▶ **Task details**: Look through the data below. Show each line where the string "room" occurs.

%%

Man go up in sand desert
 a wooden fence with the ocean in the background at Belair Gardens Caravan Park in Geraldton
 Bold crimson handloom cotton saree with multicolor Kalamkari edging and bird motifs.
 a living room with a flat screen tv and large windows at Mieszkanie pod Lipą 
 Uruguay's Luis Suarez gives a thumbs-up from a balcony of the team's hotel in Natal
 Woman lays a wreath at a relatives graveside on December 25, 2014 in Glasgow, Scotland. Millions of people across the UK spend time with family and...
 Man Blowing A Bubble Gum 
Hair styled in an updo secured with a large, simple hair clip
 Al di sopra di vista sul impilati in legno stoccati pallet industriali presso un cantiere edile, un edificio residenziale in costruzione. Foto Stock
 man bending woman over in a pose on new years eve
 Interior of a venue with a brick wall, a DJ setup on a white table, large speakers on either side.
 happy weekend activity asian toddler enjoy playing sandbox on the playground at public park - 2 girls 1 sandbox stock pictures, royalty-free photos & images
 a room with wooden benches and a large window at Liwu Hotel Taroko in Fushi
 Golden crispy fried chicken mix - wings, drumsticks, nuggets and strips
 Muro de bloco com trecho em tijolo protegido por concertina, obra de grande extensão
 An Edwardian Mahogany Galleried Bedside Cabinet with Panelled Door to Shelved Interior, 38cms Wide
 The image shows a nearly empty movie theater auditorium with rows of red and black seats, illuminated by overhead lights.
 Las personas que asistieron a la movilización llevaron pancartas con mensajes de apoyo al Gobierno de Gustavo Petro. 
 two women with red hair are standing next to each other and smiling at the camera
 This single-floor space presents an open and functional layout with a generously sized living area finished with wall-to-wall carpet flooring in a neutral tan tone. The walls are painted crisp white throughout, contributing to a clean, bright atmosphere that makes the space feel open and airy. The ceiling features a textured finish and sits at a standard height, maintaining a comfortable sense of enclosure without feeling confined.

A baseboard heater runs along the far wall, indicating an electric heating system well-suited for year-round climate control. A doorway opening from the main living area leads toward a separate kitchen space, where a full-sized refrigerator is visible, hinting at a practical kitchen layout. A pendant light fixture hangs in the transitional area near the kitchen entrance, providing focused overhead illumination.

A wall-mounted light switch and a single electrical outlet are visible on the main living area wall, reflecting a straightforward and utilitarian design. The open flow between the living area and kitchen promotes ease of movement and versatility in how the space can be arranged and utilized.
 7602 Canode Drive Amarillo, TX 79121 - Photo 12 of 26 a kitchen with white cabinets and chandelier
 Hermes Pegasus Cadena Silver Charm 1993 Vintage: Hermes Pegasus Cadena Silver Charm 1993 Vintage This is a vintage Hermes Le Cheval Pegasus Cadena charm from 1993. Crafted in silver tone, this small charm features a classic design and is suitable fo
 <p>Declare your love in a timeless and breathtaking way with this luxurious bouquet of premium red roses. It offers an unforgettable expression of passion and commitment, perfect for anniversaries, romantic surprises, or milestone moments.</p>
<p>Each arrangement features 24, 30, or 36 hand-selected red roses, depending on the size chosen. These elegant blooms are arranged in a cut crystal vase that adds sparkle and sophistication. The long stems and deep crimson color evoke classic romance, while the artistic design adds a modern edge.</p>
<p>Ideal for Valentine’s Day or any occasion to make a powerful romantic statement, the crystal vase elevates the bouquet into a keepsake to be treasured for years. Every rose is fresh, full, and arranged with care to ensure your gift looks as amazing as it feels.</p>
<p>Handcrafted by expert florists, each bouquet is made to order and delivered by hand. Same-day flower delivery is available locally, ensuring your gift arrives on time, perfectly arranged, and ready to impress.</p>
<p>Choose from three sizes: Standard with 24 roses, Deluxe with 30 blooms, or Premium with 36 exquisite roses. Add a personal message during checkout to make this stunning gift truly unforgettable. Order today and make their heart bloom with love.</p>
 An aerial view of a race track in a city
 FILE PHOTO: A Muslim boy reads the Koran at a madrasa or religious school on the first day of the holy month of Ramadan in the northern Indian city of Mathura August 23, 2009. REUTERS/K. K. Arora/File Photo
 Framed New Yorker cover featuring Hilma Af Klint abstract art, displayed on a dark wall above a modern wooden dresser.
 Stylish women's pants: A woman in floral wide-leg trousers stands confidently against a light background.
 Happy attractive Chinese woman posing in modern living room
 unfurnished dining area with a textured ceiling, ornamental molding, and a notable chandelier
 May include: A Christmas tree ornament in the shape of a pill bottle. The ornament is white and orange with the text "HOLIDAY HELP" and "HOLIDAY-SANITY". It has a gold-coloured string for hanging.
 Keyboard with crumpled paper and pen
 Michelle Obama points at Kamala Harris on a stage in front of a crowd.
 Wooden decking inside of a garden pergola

%%

▶ **Exercise answer**:
 a living room with a flat screen tv and large windows at Mieszkanie pod Lipą 
 a room with wooden benches and a large window at Liwu Hotel Taroko in Fushi
 Happy attractive Chinese woman posing in modern living room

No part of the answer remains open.